1.2.2. François Coppée, vers une esthétique subjective et familière

1.2.2.2. Procédés syntaxiques

Pour illustrer clairement la subjectivité syntaxique de Coppée et justifier ses choix grammaticaux, il faut travailler sur les deux plans énonciatifs, « discours » et « récit », tels qu’ils sont présentés par E. Benveniste dans Problèmes de linguistique générale1. Comme on le sait, chaque plan énonciatif se distingue nettement de l’autre notamment grâce au degré de subjectivité.

1.2.2.2.1. Le poème - « discours »

La forme discursive du poème se trouve généralement dans les ouvrages parlant de la vie intime du poète, et particulièrement dans Promenades et Intérieurs.

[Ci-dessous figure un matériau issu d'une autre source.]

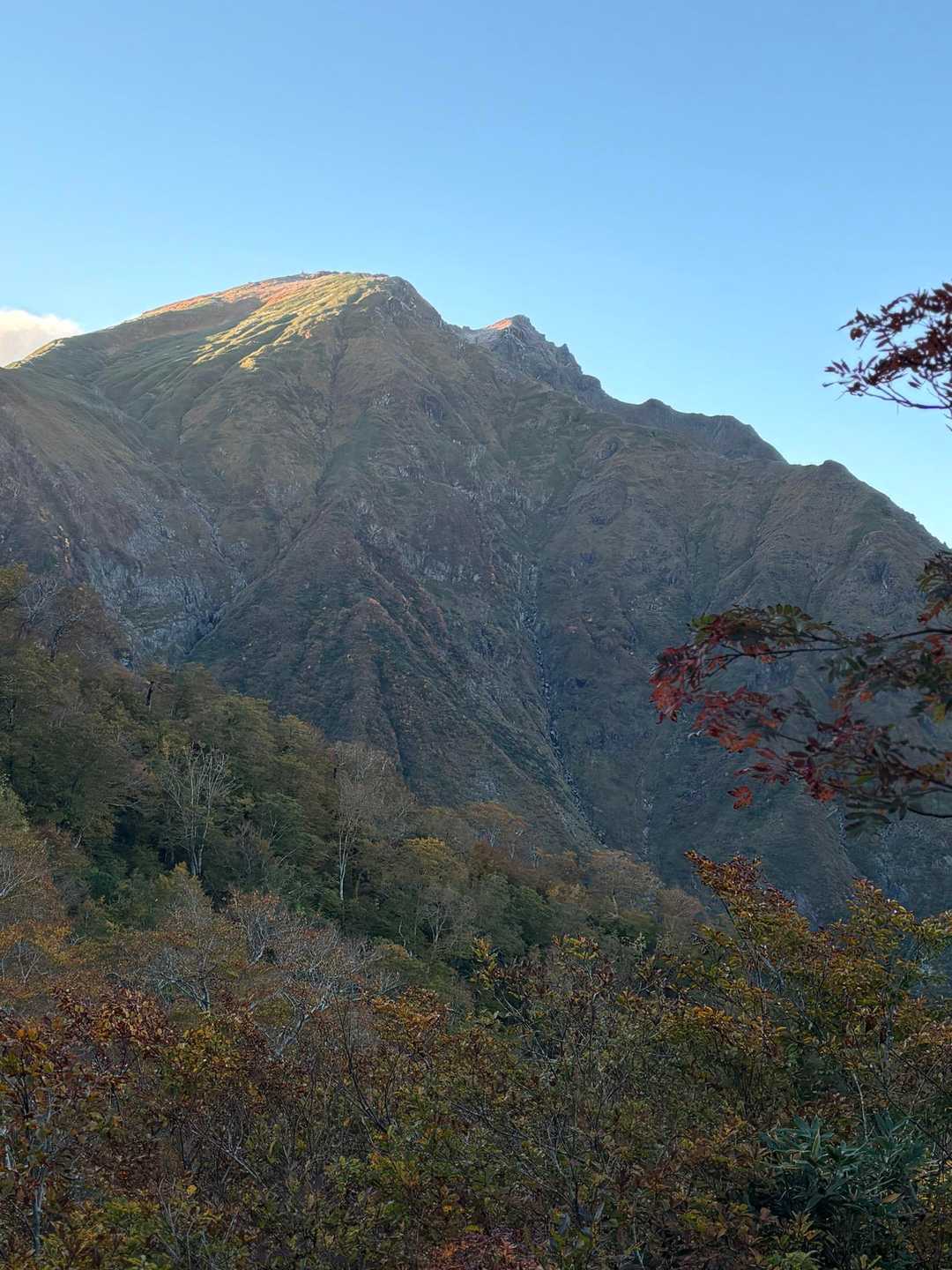 谷川岳ロープウェイ 天神平駅-登山入口-熊穴沢ノ頭-天狗の 往復コースの写真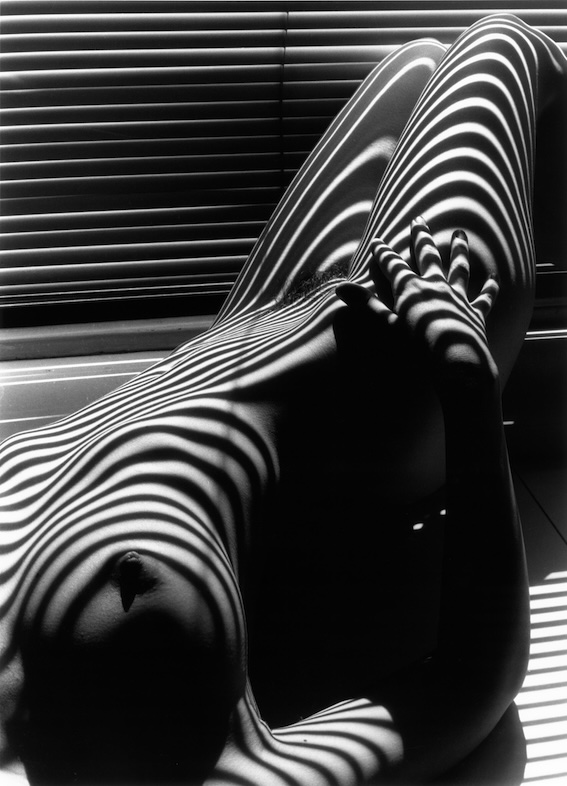 Lucien Clergue, Nu zébré, New York, 1997 © Lucien Clergue / SAIF 2024 Lucien Clergue, Nu zébré, New York, 1997 © Lucien Clergue / SAIF 2024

Le système des pronoms personnels y construit d’emblée un couple, jamais énigmatique, formé du poète et du lecteur auquel il s’adresse pour lui confier des souvenirs et des observations personnelles, ce qui ancre une grande part de cette poésie dans un réalisme lyrique :

Lecteur mélancolique et doux, à toi ces vers ! Ce sont des souvenirs, des éclairs, des boutades, Trouvés au coin de l’âtre ou dans mes promenades, Que je te veux conter, par le droit bien permis Qu’ont de causer entre eux deux paisibles amis.2

En revenant à notre corpus, nous constatons que le poème III répond parfaitement à ces critères et relève ouvertement de cette catégorie. L’affirmation « C’est vrai » qui ouvre le poème présuppose en effet l’existence d’un interlocuteur auquel le poète avoue son amour pour Paris. En même temps, cette affirmation inscrit les énoncés dans une sorte de longue réponse à une question qui aurait été antérieurement posée à François Coppée. Si la présente de l’interlocuteur est implicite, celle du poète est explicitement perceptible par l’emploi des embrayeurs de première personne (le pronom personnel « je », qui apparaît trois fois, et le déterminant possessif « ma ») qui ancrent le poème dans le réalisme lyrique. De plus, le pronom indéfini « on » (v. 8), particulièrement plastique, renvoie ici au poète et aux habitants de son quartier, ce qui ajoute une touche de familiarité dans le discours.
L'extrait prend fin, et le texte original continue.